_Task brief:_ With the images excluded, set down every line of the listing below exactly.

_Information shown:_

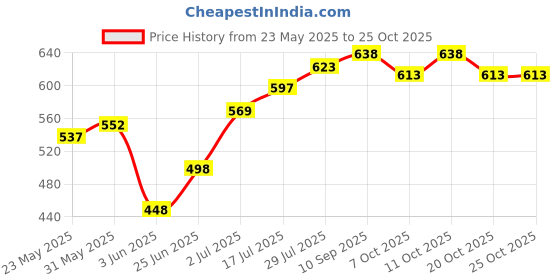 flipkart.com leosportz (pack of 8) Gym Pulley 4-inch with Inbuilt Bush and Bearing Climbing Pulley leosportz Price History Graph from 23 May 2025 to 25 Oct 2025
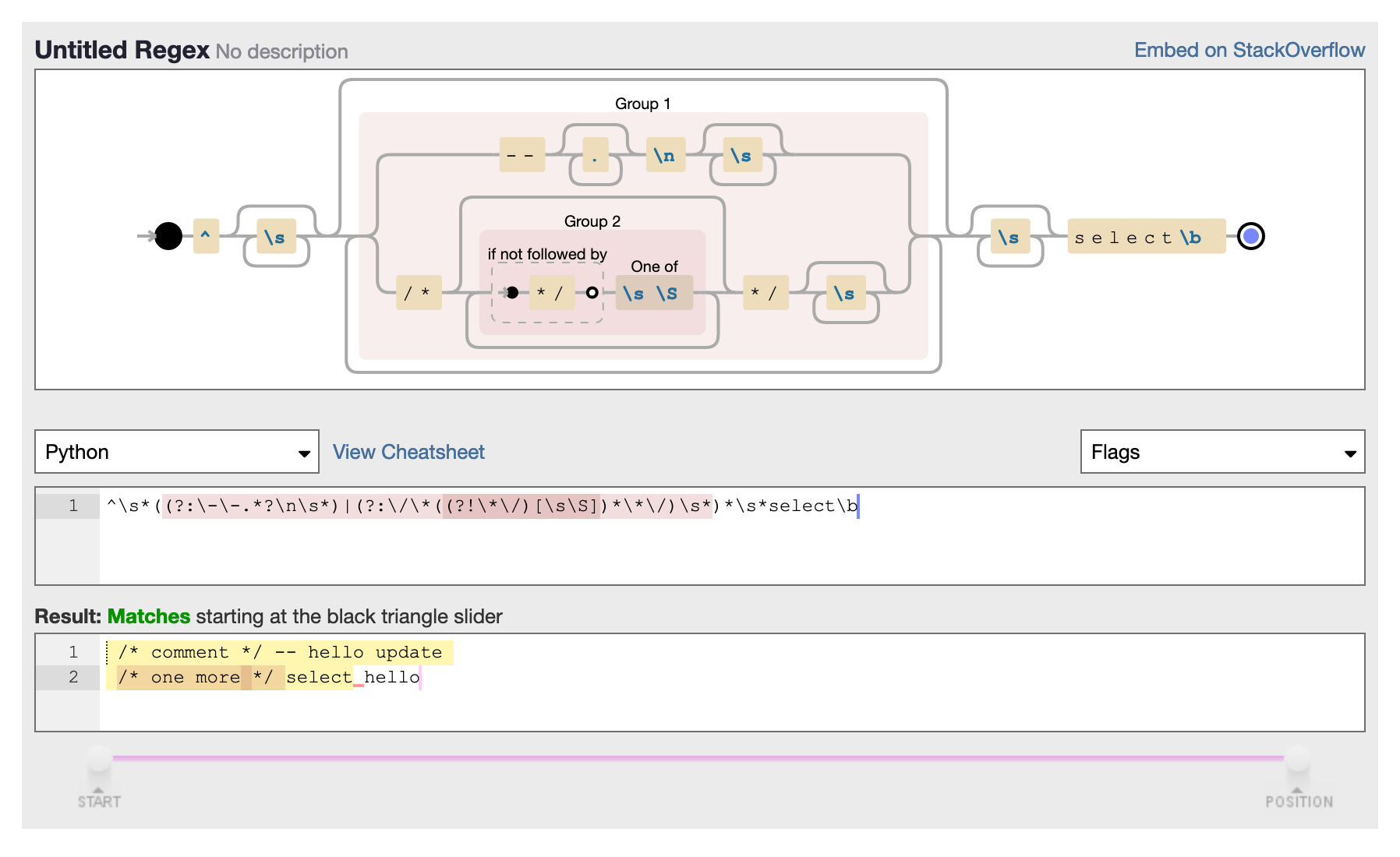 Screenshot of the debuggex interface showing a diagram that illustrates the regular expression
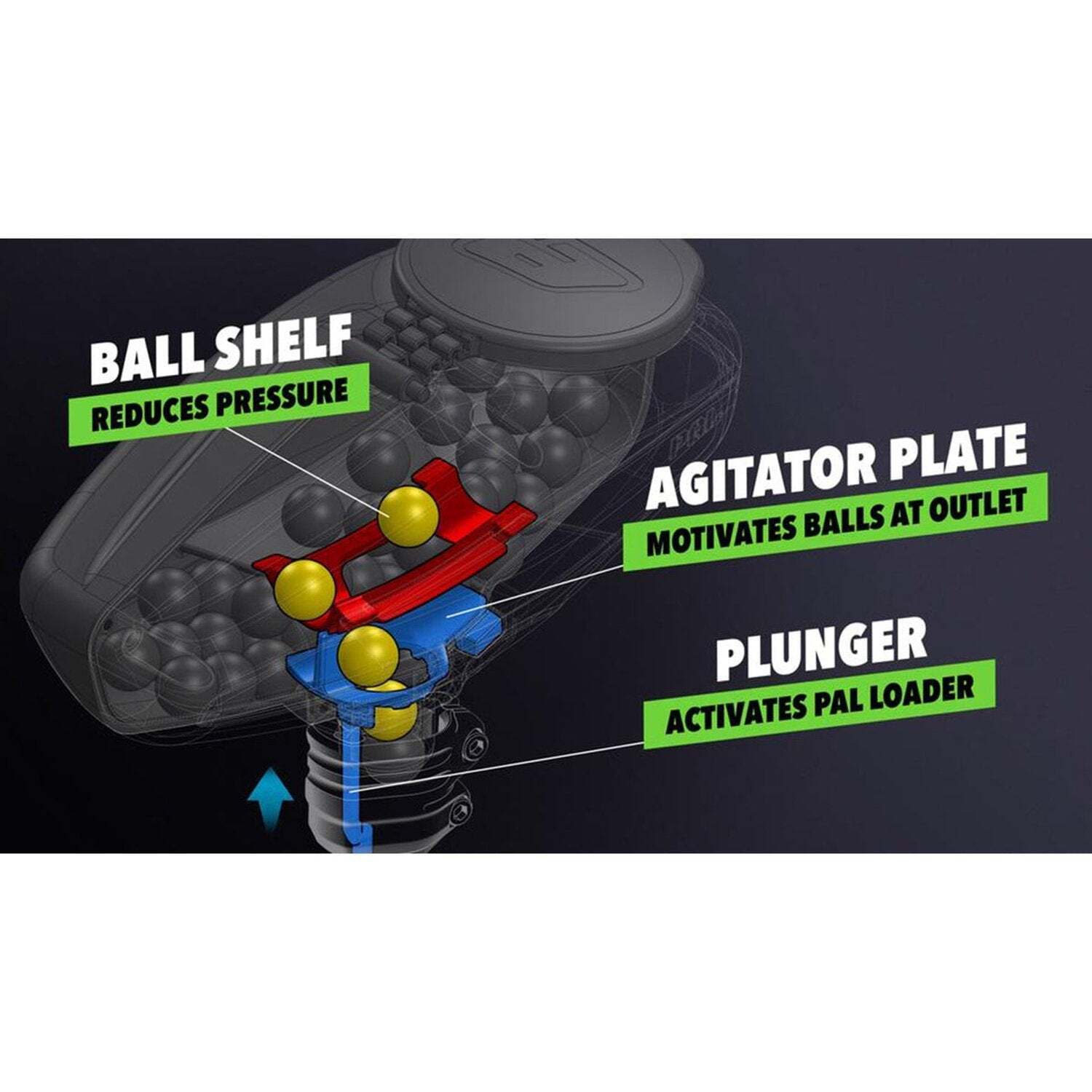 Planet Eclipse PAL Loader - Hi-Cap - Blue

_Result of this exercise:_
 flipkart.com leosportz (pack of 8) Gym Pulley 4-inch with Inbuilt Bush and Bearing Climbing Pulley leosportz Price History Graph from 23 May 2025 to 25 Oct 2025
 Screenshot of the debuggex interface showing a diagram that illustrates the regular expression
 Planet Eclipse PAL Loader - Hi-Cap - Blue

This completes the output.